What would King Hezekiah do? How would he react to this dilemma? Would he give in to temptation and take the deal? Let’s apply the situation to our own dilemmas! How do we deal with the dilemmas of life when they occur such as: a child who is hopelessly handicapped and can’t speak or take proper care of himself. It may be through no fault of his own, nevertheless, the burden of responsibility hangs over our heads like a cloud. We may ask, “Lord, will I ever be free of this burden? Will there ever be a time when he/she will be able to live outside the home? It is a supreme test of the depth of our love and commitment. At times, we may be tempted to throw up our hands in despair and cry out, “How long, O Lord, must I bear this burden?” I wonder, “Was that how Hezekiah felt?”

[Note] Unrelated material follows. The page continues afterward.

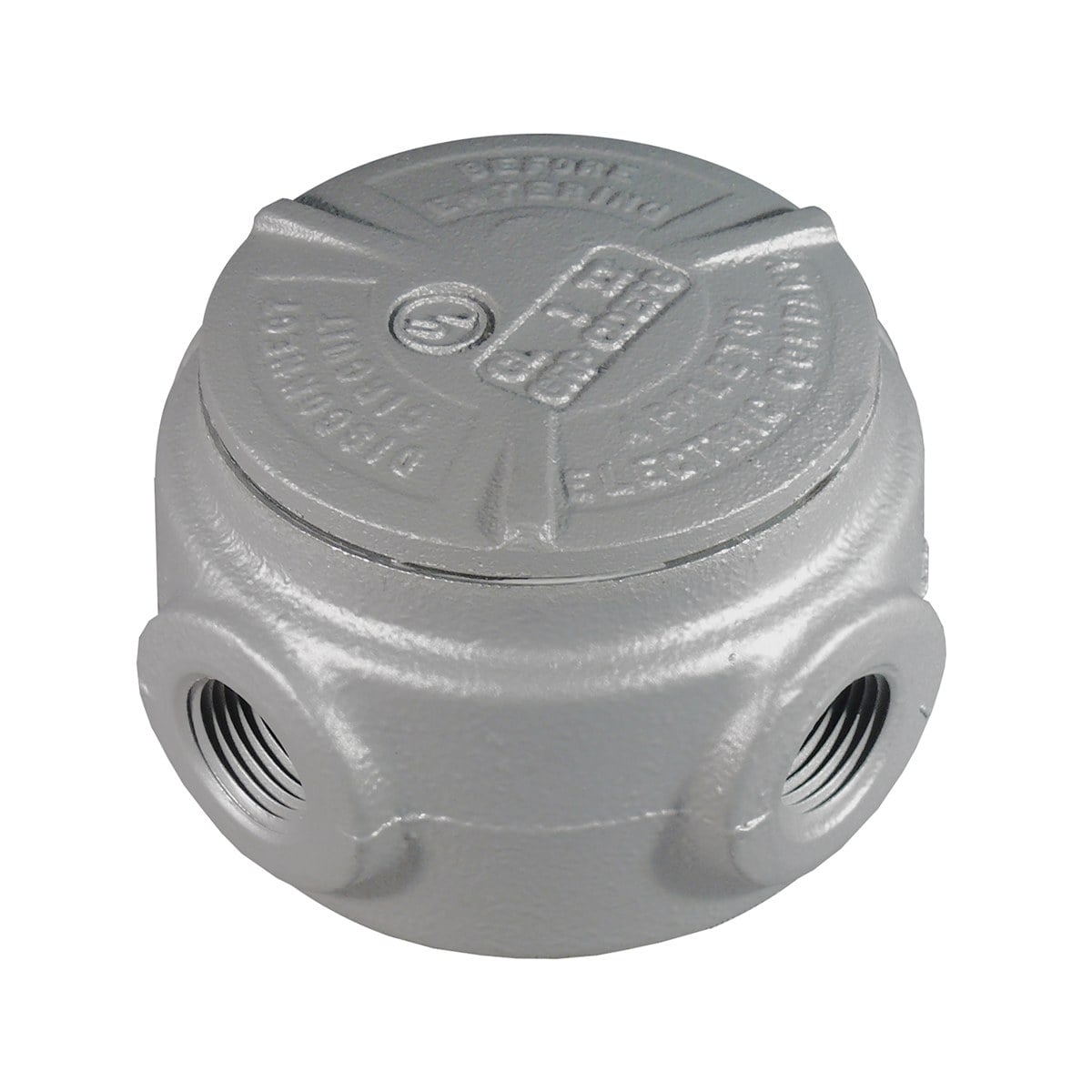 Appleton GRJS Universal Conduit Outlet Boxes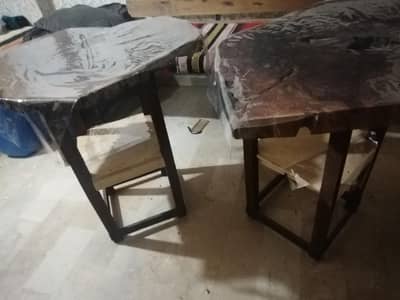 original  Tree 2 Mazboot Table price 10 Hazar Johar mor karachi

God saw the open letter full of accusations, false promises, and blasphemous words and sent a message through his prophet, Isaiah saying, “His armies (speaking of Sennacherib) will never enter Jerusalem to shoot their arrows. They will not march outside the gates with their shields and build banks of earth against its walls. For my own honor and for the sake of my servant David, I will defend it” (2 Kings 19:32,34 NLT).
The Scriptures tell us, “That night the angel of the Lord went out to the Assyrian camp and killed 185,000 Assyrian troops. When the surviving Assyrians woke up the next morning, they found corpses everywhere. Then King Sennacherib of Assyria broke camp and returned to his own land. He went home to his capital of Nineveh and stayed there.” (2 Kings 19:35-36 NLT ) Later he was killed by two of his own sons, who then escaped to Ararat.
What kind of dilemma are you facing today? Is it in a tangible form, such as a threatening letter? Is the situation taxing your faith? Are you in need of wisdom, courage, or direction? Write it on a piece of paper. Spread your open letter on the floor, and bow before the Lord in honest, pleading, persistent prayer.
Prayer: Dear Lord, you know the dilemma I face. You know that I don’t have a solution. You alone offer rescue from desperate situations. I come to you first, not as a last resort.